Call For Essays – Cinematic Fixations

The Cinematic Fixations website is seeking short 500 word essays about the images in the database. The essays will be featured on the website, and eventually collected in a book. Topics for discussion can be the use of a signature color palette by a filmmaker (for example, Wes Anderson’s fondness for earthy browns and his use of blue tinting to indicate climax), or color as indicator of location (think The Wizard of Oz’s Emerald City and yellow brick road), or the shift from light to dark (as in the horror classics, Halloween and The Texas Chainsaw Massacre). The essays can also break this mold and be a discussion of the author’s favorite cinematic moment, or a criticism of the project itself.

To get involved or submit essays, email Jeffrey Moser at jsmoser@mail.wvu.edu. This project is made possible through a grant from the Myer’s foundation, and the support of the School of Art and Design, College of Creative Arts, and the Reed College of Media at West Virginia University.

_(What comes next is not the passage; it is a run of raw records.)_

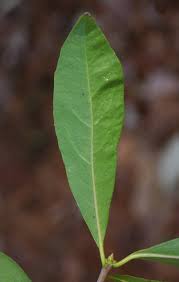 Attēlu rezultāti vaicājumam “Saussurea esthonica leaf”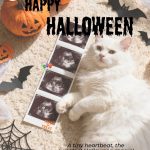 Pet’s Paradise Multispeciality Hospital 24×7 by Dr. Ami Sanghavi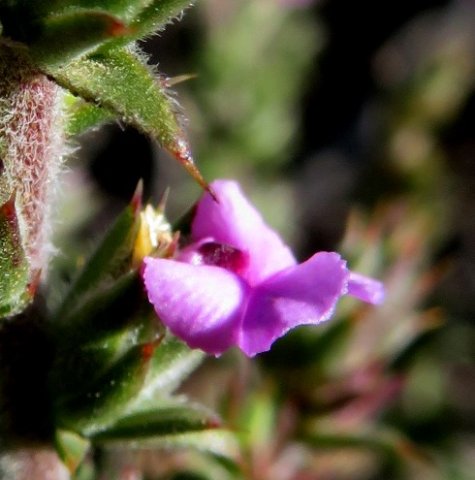 Muraltia squarrosa spine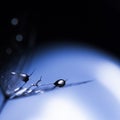 Water Drops On Dandelion Seeds
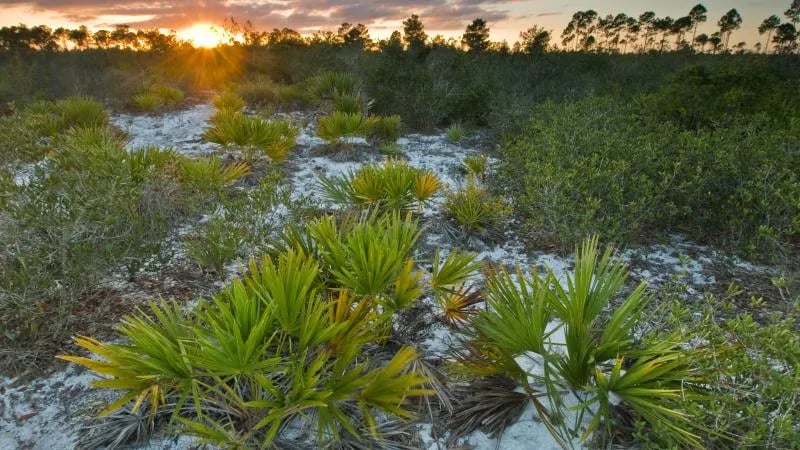 Kitching Creek Primitive Campground — Jonathan Dickinson State Park gallery 3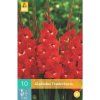 mecik traderhorn 10 cibuli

The Cinematic Fixations website is a visual database of film. It currently contains over 1000 film fixations, from George Melies to George Miller. The project invites academics, filmmakers, artists, computer programmers and movie buffs to collaborate in creating a complete visual database of film. Each fixation is created by arranging every frame of a film into a grid with a ratio of 3:1. No matter the length of a film the fixations are standardized so that films across genres and of varying duration can be compared and contrasted. The result is a color-banded timeline that reveals the underlying palette and the pattern of light variation of a film. The website is designed as a tool for researchers, critics, and students of film to investigate the use of color by filmmakers to augment narratives, indicate changes in psychological or physical space, and signify climax.